> Input data
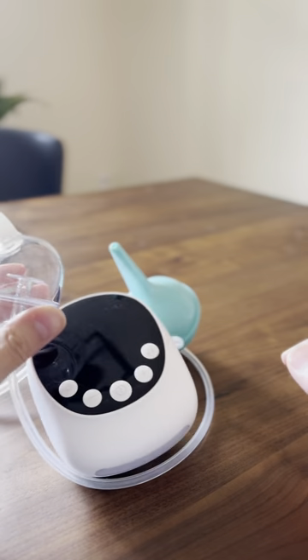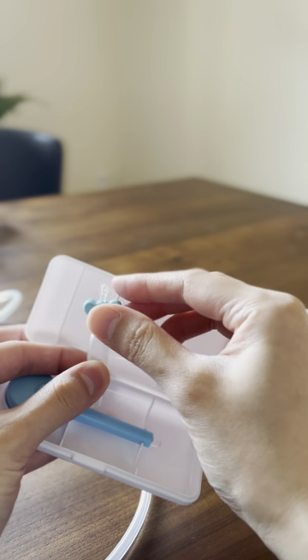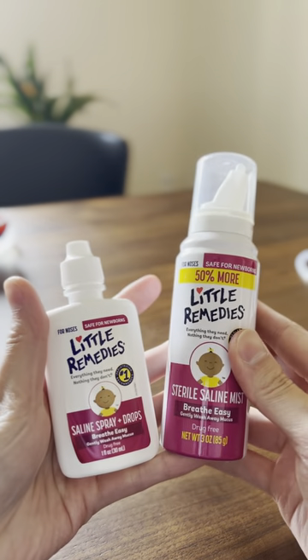You're going to want a way to get the boogers out if kids can't blow their nose just yet. I have the regular bulb syringe, a manual nose picker I got from Target, and also an automatic suction. For the nose, you're also going to want some saline drops and mist.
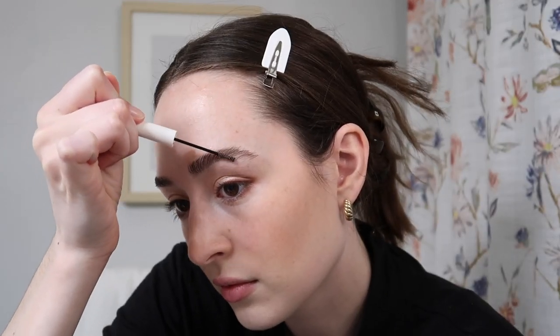Next in my routine would be brows and mascara. For brows I've been loving this M Cosmetics Brow Cream in the shade Universal Taupe — it gives your brows such a fluffy look and makes them a little bit darker. I like the fluffy brow look but also like them kind of neat and defined at the same time.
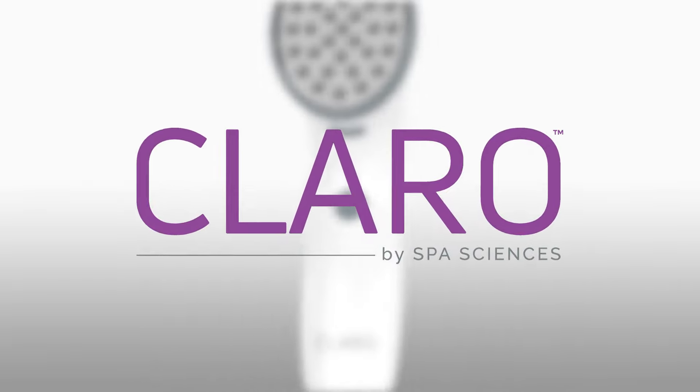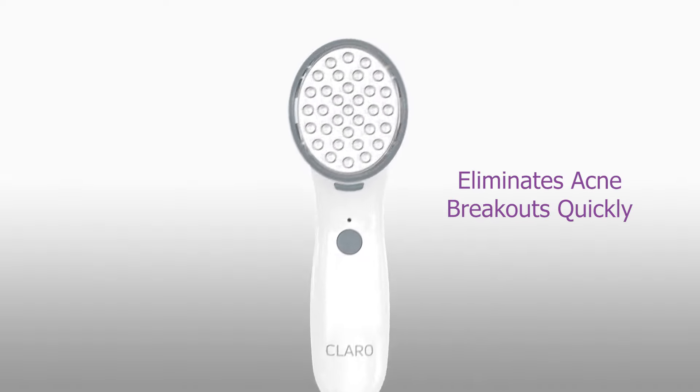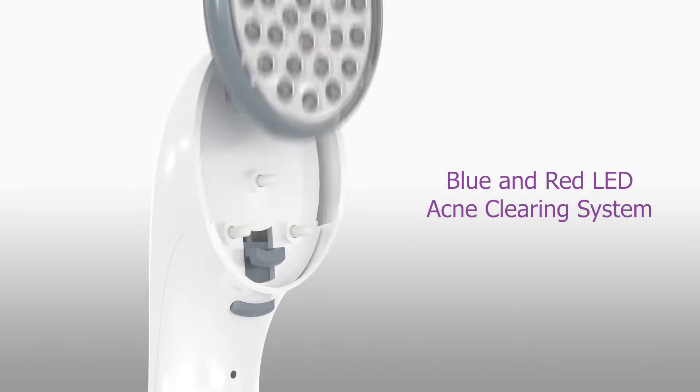Claro by Spa Sciences is a dermatologist recommended acne treatment device that uses clinically proven FDA light therapy to quickly eliminate acne and help prevent future breakouts.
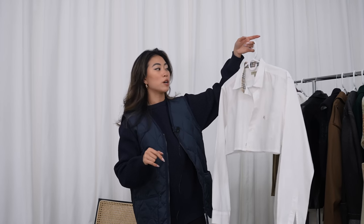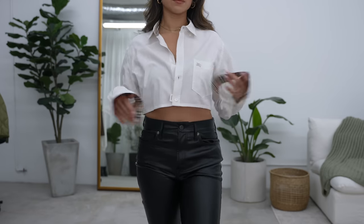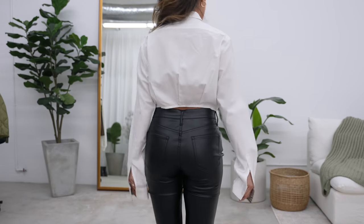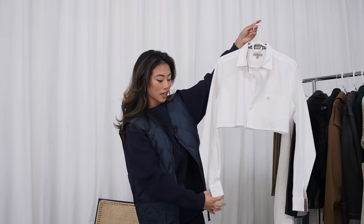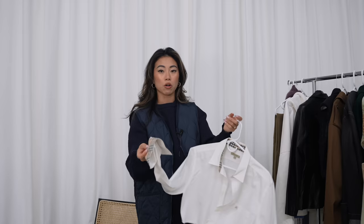The next piece is also from the same vintage store. They do reworked designer vintage items, and this is actually a Burberry shirt that they cropped. The back has a little cinch moment which makes it really different. I have a lot of white button-ups in my collection but none that are cropped like this, so it's perfect for warmer days too. The sleeves hide the Burberry logo when down but you can roll them up to show it. I picture it with oversized baggy cargo pants or even a skirt.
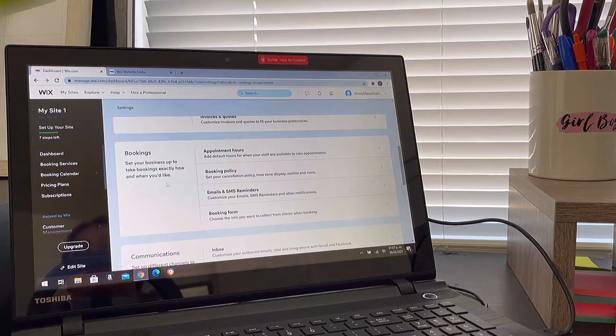Now here's the cool part I wanted to show you — Bookings! You can set your appointment hours to show when you're available to take notary signings. There's a booking policy section where you can set up a cancellation policy, maybe charge clients a fee for canceling. And there are email and SMS reminders, which I find super professional — just imagine booking an appointment and getting a reminder two days before. I would love that, especially since I'm a very forgetful person.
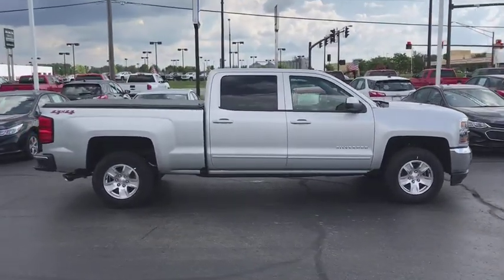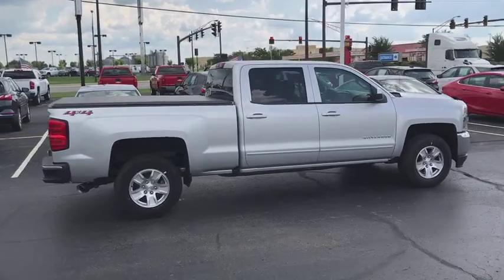This vehicle has less than 100 miles. Here are some of this vehicle's great options.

> Brief
Could you reproduce every record above exactly, leaving out the pictures?

> Task output
You're going to want a way to get the boogers out if kids can't blow their nose just yet. I have the regular bulb syringe, a manual nose picker I got from Target, and also an automatic suction. For the nose, you're also going to want some saline drops and mist.
Next in my routine would be brows and mascara. For brows I've been loving this M Cosmetics Brow Cream in the shade Universal Taupe — it gives your brows such a fluffy look and makes them a little bit darker. I like the fluffy brow look but also like them kind of neat and defined at the same time.
Claro by Spa Sciences is a dermatologist recommended acne treatment device that uses clinically proven FDA light therapy to quickly eliminate acne and help prevent future breakouts.
The next piece is also from the same vintage store. They do reworked designer vintage items, and this is actually a Burberry shirt that they cropped. The back has a little cinch moment which makes it really different. I have a lot of white button-ups in my collection but none that are cropped like this, so it's perfect for warmer days too. The sleeves hide the Burberry logo when down but you can roll them up to show it. I picture it with oversized baggy cargo pants or even a skirt.
Now here's the cool part I wanted to show you — Bookings! You can set your appointment hours to show when you're available to take notary signings. There's a booking policy section where you can set up a cancellation policy, maybe charge clients a fee for canceling. And there are email and SMS reminders, which I find super professional — just imagine booking an appointment and getting a reminder two days before. I would love that, especially since I'm a very forgetful person.
This vehicle has less than 100 miles. Here are some of this vehicle's great options.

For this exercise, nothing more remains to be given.